#### [How to complete this task]
Lines from the one containing "Kamizelka Classic Logo Granatowa Kamizelka" through the end of the material are to be retyped exactly; do not copy pictures.

#### [Supplied data]
=== Section Start ===

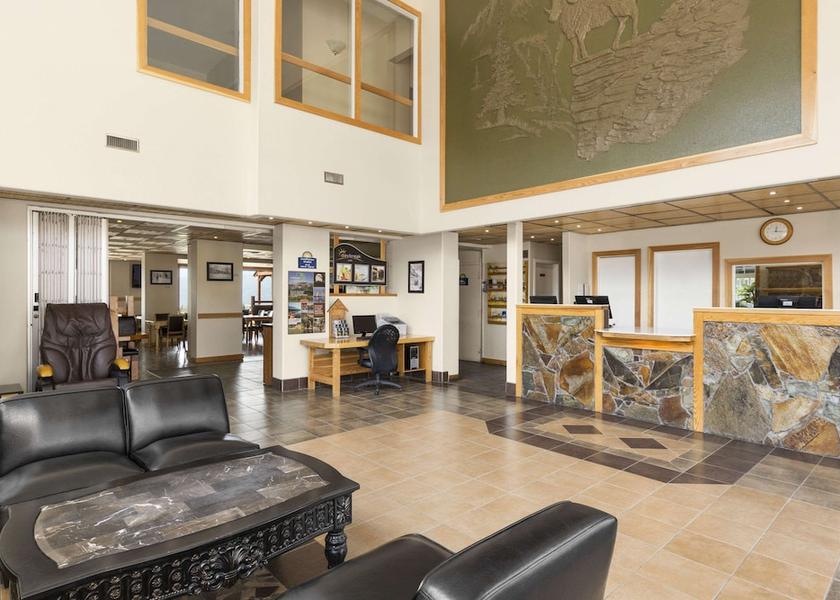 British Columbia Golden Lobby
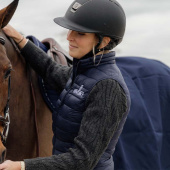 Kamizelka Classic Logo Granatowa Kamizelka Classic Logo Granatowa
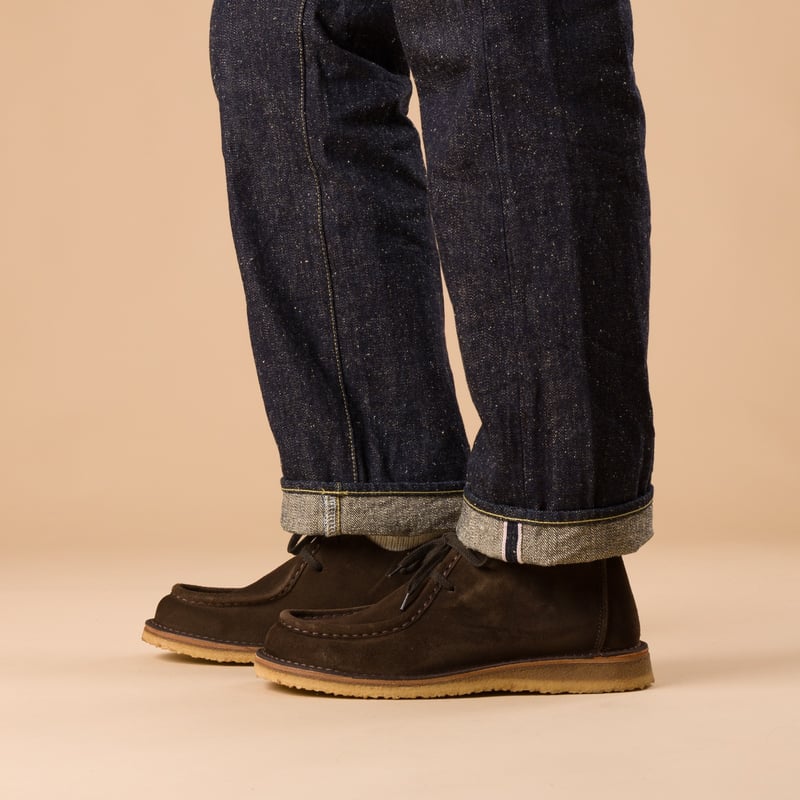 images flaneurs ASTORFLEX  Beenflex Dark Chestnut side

=== Section End ===

#### [Written answer]
 Kamizelka Classic Logo Granatowa Kamizelka Classic Logo Granatowa
 images flaneurs ASTORFLEX  Beenflex Dark Chestnut side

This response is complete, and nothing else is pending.